Tomato and egg soup is an ordinary soup.
Especially in the north, it is a very popular after-dinner soup.
It is such a simple soup, but different regions have different ways of making it.
The most common method is to fry the tomatoes in oil and then pour in egg liquid.
My method is a typical Hebei method. Only a little sesame oil is poured into the soup, which is quite healthy and delicious.
The most difficult thing about this soup is how to make beautiful egg droplets. There are many skills involved in this. My method is for reference only. After all, I am just a food lover. I also explored the method myself. There are some unsatisfactory things.
Please forgive me!
Ingredients: Tomatoes, eggs, cucumbers, cilantro and tomatoes. Cut into thin slices. You can also blanch the tomatoes in boiling water before peeling them.
Cut the cucumber into diamond-shaped slices and chop the coriander.
Crack the eggs into a bowl and add a little potato starch.
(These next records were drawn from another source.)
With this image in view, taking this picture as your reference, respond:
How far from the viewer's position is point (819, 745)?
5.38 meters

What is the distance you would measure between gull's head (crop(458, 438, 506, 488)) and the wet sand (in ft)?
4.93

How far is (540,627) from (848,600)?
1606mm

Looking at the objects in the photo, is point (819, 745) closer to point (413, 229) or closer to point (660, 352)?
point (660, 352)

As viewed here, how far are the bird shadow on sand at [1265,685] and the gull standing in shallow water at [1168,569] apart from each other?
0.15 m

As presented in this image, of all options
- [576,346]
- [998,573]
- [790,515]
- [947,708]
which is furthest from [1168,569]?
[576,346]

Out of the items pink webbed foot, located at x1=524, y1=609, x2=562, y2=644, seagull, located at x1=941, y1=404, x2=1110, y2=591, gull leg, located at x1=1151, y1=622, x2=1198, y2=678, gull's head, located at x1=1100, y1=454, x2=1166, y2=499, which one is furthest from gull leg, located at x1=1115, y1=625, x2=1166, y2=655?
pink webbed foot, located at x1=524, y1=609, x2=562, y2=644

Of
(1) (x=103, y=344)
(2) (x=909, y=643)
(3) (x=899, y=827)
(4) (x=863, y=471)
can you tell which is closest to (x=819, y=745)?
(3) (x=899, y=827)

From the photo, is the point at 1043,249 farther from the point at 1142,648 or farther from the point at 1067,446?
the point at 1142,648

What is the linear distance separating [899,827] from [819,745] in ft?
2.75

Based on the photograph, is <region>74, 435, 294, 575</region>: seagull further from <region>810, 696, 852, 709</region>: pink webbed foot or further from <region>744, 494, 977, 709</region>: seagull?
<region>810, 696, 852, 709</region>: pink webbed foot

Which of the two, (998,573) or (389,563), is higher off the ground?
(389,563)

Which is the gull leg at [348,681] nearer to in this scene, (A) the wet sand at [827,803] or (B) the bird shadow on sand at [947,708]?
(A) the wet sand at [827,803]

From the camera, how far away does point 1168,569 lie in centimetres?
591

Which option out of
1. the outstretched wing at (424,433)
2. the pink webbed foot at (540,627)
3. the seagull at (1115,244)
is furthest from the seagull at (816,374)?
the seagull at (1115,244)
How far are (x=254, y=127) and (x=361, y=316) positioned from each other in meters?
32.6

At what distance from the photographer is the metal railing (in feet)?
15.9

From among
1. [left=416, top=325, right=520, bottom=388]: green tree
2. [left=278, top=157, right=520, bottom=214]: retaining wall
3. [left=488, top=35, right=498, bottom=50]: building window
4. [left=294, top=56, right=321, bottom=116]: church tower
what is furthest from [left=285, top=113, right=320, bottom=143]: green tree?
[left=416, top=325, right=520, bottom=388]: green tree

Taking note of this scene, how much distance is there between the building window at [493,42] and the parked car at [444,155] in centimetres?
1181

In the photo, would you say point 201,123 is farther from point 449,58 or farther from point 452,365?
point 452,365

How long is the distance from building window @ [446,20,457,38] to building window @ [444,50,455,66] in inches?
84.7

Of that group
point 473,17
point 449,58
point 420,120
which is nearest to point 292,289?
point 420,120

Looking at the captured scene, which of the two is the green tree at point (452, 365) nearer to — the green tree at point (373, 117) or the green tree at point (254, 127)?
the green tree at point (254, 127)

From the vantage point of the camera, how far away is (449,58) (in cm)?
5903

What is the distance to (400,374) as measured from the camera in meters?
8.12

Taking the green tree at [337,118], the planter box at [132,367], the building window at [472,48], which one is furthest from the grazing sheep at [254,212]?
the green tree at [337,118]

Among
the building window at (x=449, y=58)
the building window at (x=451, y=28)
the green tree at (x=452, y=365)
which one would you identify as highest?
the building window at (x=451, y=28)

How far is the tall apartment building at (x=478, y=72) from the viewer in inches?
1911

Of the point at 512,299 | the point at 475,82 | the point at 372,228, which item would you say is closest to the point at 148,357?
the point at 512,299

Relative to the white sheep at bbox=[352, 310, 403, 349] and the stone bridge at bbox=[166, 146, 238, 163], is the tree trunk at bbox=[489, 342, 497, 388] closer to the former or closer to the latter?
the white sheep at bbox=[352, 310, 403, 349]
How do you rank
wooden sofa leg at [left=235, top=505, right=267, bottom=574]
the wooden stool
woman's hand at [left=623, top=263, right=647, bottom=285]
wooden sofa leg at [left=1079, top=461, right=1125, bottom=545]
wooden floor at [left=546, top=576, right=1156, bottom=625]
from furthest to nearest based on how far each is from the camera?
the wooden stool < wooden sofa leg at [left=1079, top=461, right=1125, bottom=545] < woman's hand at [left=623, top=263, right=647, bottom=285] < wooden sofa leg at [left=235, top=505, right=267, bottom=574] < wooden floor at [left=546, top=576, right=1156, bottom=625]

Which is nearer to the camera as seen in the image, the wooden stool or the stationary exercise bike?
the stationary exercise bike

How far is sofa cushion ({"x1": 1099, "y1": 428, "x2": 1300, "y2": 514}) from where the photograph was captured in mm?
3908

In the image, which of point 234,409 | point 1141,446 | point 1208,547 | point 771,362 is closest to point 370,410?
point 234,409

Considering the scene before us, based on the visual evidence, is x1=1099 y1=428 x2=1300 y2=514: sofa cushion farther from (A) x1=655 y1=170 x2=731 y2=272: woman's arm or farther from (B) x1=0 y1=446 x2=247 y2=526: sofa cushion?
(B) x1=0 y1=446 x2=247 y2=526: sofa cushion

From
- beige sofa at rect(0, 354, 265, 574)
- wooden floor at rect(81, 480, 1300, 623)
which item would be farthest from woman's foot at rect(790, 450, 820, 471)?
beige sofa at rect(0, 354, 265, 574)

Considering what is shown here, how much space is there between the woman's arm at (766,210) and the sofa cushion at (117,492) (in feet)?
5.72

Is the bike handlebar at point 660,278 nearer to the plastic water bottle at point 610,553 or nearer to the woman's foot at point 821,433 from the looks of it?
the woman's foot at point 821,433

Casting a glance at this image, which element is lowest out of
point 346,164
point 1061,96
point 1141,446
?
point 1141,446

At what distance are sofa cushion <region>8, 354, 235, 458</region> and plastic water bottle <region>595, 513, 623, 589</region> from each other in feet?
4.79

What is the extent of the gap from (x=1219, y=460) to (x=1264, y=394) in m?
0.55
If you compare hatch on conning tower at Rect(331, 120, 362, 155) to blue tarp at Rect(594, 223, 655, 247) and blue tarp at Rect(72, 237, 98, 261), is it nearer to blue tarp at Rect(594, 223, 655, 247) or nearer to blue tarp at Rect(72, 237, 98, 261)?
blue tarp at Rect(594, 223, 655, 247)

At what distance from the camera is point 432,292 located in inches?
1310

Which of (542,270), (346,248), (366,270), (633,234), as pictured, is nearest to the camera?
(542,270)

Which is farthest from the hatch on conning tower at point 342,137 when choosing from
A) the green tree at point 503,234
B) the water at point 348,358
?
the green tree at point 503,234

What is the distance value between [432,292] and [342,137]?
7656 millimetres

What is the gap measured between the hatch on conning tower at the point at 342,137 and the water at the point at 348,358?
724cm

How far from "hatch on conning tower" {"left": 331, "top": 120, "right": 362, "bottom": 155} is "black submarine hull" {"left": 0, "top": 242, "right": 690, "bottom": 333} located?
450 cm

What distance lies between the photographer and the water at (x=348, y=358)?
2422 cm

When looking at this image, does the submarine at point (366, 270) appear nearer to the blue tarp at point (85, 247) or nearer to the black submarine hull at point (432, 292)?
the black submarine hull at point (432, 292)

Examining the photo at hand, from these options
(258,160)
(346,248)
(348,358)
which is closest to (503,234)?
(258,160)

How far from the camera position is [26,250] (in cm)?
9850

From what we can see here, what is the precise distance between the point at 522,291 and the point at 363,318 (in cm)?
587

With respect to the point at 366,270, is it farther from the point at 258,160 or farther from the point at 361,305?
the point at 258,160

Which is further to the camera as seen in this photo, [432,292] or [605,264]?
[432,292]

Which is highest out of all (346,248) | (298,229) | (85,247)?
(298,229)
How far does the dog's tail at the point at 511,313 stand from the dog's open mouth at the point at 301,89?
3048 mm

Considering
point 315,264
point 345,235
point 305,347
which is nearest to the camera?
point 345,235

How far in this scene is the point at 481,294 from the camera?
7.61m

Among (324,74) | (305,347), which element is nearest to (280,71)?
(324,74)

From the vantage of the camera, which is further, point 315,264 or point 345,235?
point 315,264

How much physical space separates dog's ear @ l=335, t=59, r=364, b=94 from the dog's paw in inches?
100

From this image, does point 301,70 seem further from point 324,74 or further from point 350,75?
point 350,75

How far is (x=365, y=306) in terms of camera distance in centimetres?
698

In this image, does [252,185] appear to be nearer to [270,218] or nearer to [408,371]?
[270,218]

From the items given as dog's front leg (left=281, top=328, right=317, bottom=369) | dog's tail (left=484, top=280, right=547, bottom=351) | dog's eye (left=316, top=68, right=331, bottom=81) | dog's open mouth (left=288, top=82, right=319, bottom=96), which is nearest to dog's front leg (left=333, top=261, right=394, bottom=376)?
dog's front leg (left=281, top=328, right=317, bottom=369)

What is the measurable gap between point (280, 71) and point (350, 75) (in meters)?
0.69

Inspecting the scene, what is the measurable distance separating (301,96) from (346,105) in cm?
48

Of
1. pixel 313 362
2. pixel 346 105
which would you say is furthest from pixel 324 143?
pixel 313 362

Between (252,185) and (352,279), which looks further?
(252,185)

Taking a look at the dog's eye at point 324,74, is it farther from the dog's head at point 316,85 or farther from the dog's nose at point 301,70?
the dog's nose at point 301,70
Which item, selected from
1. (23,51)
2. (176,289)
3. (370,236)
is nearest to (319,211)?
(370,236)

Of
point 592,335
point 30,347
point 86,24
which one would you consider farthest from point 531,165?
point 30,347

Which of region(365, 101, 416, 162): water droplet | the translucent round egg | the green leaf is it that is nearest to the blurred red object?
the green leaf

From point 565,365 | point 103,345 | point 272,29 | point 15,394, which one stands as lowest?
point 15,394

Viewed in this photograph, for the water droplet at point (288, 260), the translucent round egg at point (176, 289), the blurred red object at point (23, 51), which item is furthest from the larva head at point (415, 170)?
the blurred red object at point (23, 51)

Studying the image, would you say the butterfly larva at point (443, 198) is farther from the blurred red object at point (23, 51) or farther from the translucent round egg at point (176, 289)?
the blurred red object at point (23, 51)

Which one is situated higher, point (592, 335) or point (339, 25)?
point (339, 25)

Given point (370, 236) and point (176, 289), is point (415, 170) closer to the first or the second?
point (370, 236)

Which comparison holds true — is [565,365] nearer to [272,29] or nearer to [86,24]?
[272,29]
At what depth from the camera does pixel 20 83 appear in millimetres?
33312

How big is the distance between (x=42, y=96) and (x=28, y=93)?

Add a little warm water and stir well with chopsticks until the egg liquid foams. Pour an appropriate amount of potato flour into the bowl, add water and mix well.
Note: It must be potato starch. Corn starch is used to thicken vegetables when cooking, and potato starch is used to thicken soup when making soup. This is basic common sense.
Make water in a pot, and when the water boils, pour in the starch liquid to thicken it.
Add appropriate amount of salt.
Here comes the key point: turn down the heat, use chopsticks to draw circles in one direction while the water is still boiling, pour the egg liquid down vertically in a line and pour it into the pot in circles in the opposite direction?
Add tomato slices and cucumber slices.
Drizzle in a little sesame oil and sprinkle with coriander.